I'm in the process of trying to fit a higher amp Nippondenso alternator into my old Trooper that originally came with a Hitachi unit. Pretty much figured out physical mounting and belt alignment issues but need to wire it.
I'd like to make an adapter instead of cutting up my stock harness if possible. I can't seem to find a connector that mimics the stock voltage regulator side.
My stock connector is like this:
much bigger image here
stock voltage reg side:
^^^need a plug that looks just like that^^^
I contacted 3 vendors that sell the female terminal connector but still waiting on responses.
Anyone in the know of such a plug?
Just use individual crimp on spade terminals, use marine(the black stuff with the sealant) heat shrink tube over them or get the good ones that have a sealant lined heat shrink jacket on them.
Kenny_McCormic wrote:
Just use individual crimp on spade terminals.

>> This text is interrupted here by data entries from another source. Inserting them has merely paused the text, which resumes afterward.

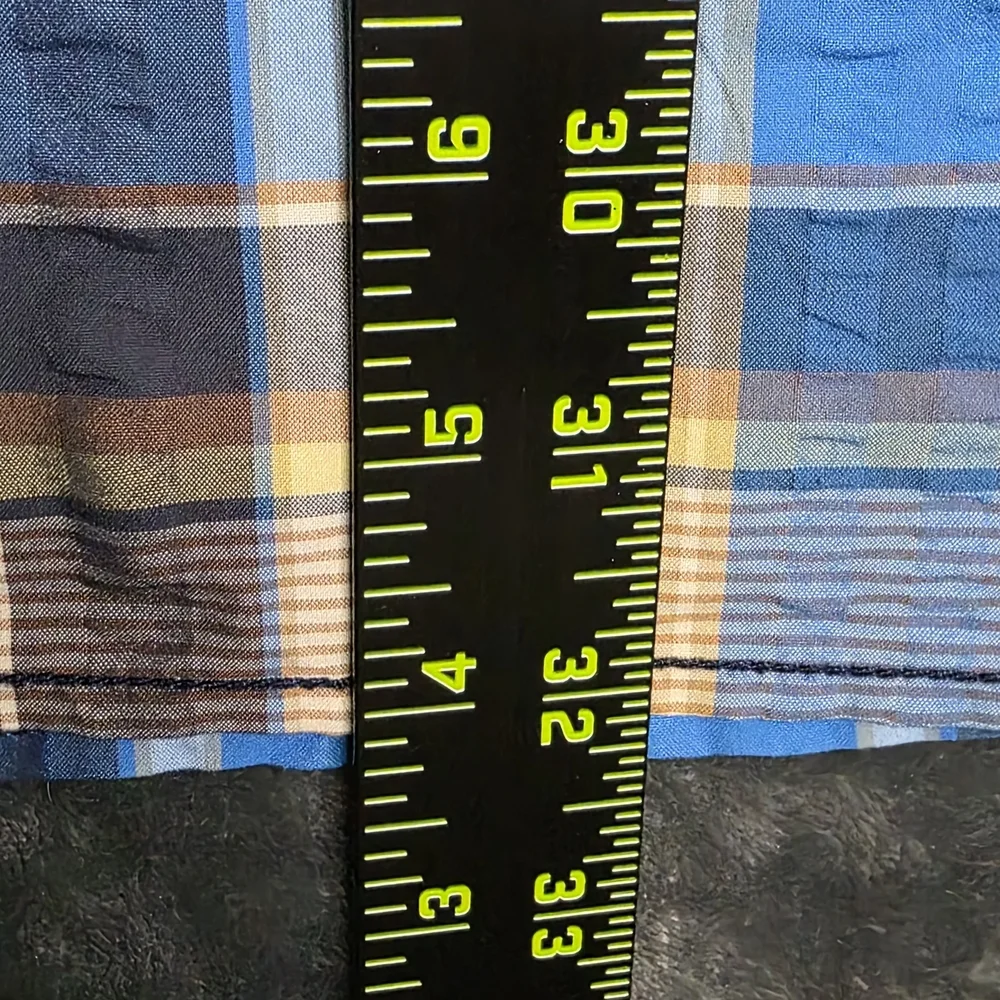 North Face Blue and Brown Plaid Casual Shirt
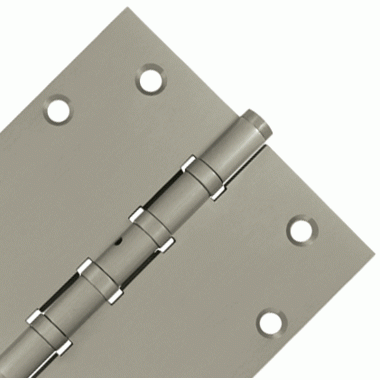 5 Inch X 5 Inch Solid Brass Non-Removable Pin Square Hinge (Brushed Nickel Finish) DELTANA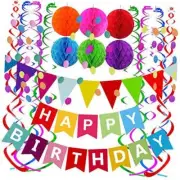 Fecedy Happy Birthday Banner with Paper Flag Bunting Paper Circle Colorful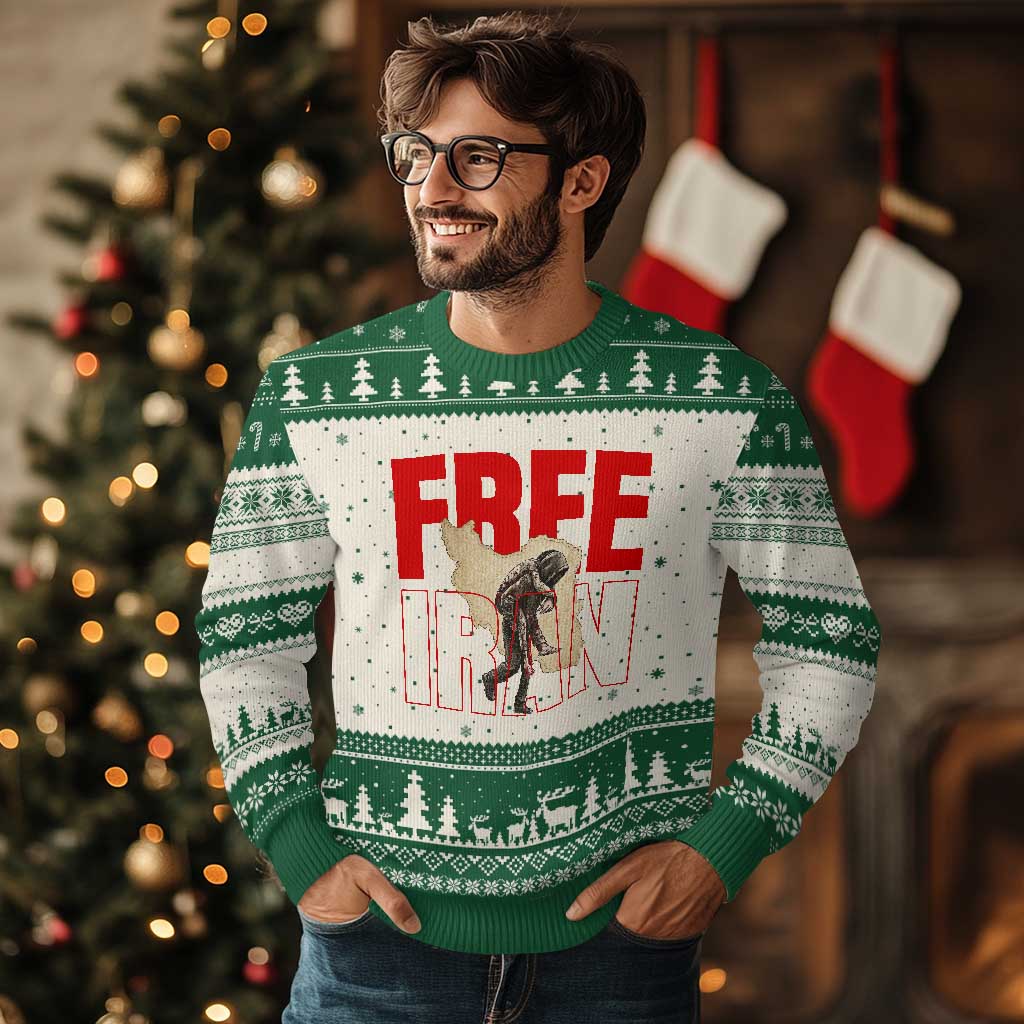 Free Iran Ugly Christmas Sweater Iranian Freedom Memorial Hamid Mahdavi Tribute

This is how I adapted a Ford TPS to a Mazda wiring harness when I wanted to be able to undo the process. That was over 40k miles ago.
The wires aren't even secured to anything, they just flap in the breeze and beat against the water pump housing, never a connectivity issue.
This is how I installed a upgraded alternator we couldn't find a harness for(I believe it was a Hitachi for an old Datsun pickup), on a Yanamr one cylinder marine diesel(vibration machine). Used the insulated female terminals. Holding together fine.
I was hoping to make something nice and clean similar to this:
but evidently the Hitachi plug I needed does not exist.
so I got a new ND connector & pigtail with crimp/heat shrink terminals and some rubber cap thing I had laying around and came up with this:
to mate to this:
nothing melted or caught on fire so I matched the wires correctly and now I have 80a instead of the stock 50a.
more importantly I have eliminated the problematic voltage regulator used in the stock alts that never last very long. note how clean and new the alt on the right looks, it was already crapping out while the 26 year old filthy ND from my 2.0L Impulse has been sitting unused for almost a decade and still works fine.